We therefore advise that the judgment and order be reversed, and the cause remanded for a new trial.

Foote, C., and Gibson, C., concurred.

The Court.—For the reasons given in the foregoing opinion, the judgment and order are reversed, and the cause remanded for a new trial.






Concurrence Opinion

McFarland, J., concurring.

I concur in the judgment, and in the opinion of Commissioner Belcher; but I wish to add that some of the instructions given at the request of the prosecution, and not noticed in the opinion, were clearly wrong. For instance, the jury are told that “when direct evidence cannot be produced, minds will form their judgments on circumstances, and act on the probabilities of the case.” This would probably be understood by the jury as instructing them that their minds must “act on probabilities” in determining the *456guilt of the defendant, which would clearly be erroneous. But the instruction proceeds as follows: “As absolute certainty is seldom to be obtained in human affairs, reason requires that the jury, in forming an opinion of the truth of the facts, should be governed by the superior number of probabilities on the side of the people or the defendant.” This is not only against the settled rule as to the amount of proof necessary to convict in criminal cases, but is against the express language of the code. (Code Civ. Proc., sec. 2061; Pen. Code, sec. 1096.)

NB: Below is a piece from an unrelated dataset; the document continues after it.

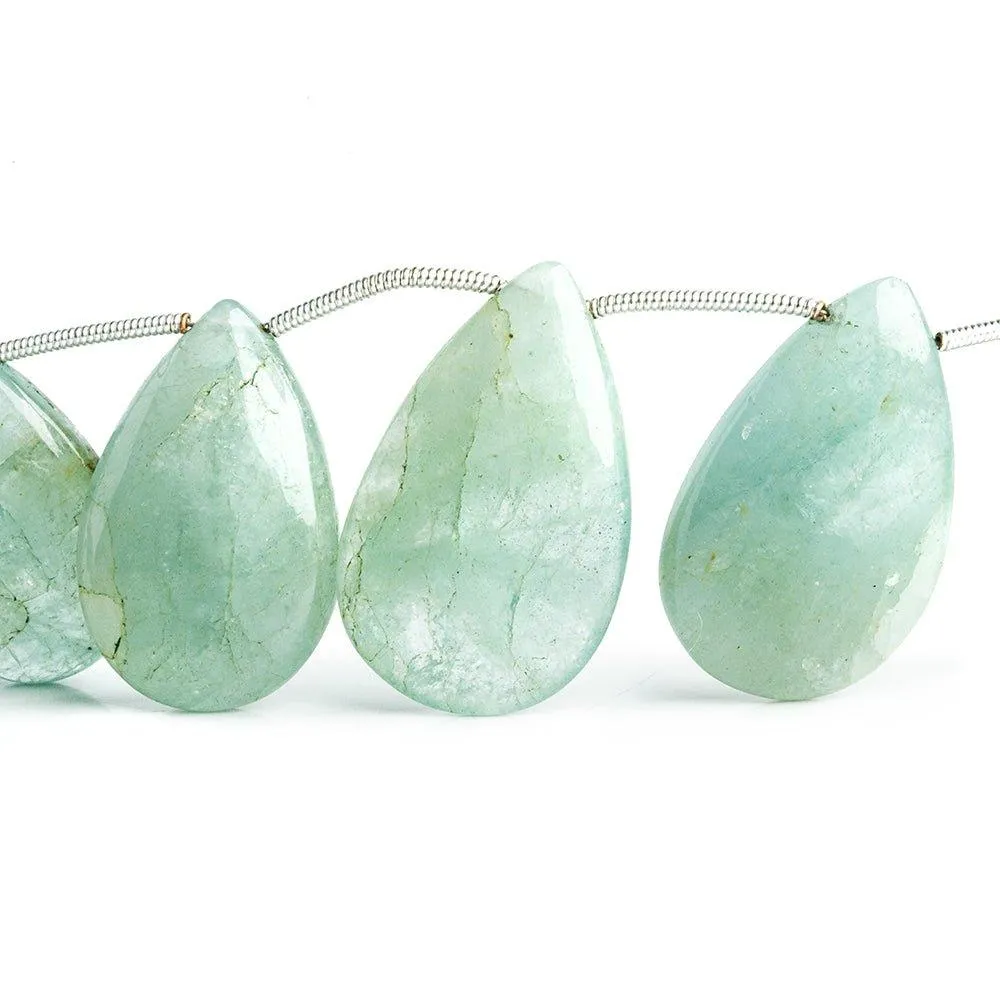 11x17-13x19mm Aquamarine Plain Pear Beads 8 inch 11 pieces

The instrüction was also given, that “ in order to convict, the circumstantial evidence should be such as to produce nearly the same degree of certainty as that which arises from direct testimony.” This, in my judgment, is a doubtful and dangerous proposition. I do not mean to say that it would be sufficient to reverse a judgment; for I am aware that' somewhat similar language was held not to be erroneous in People v. Cronin, 34 Cal. 191, and in at least two subsequent cases. But the doctrine has never been satisfactory to the profession, and can be upheld only by the most stringent use of the rule of stare decisis. In my judgment, it had better be abandoned by prosecuting officers, for its use in the future may put just convictions in peril.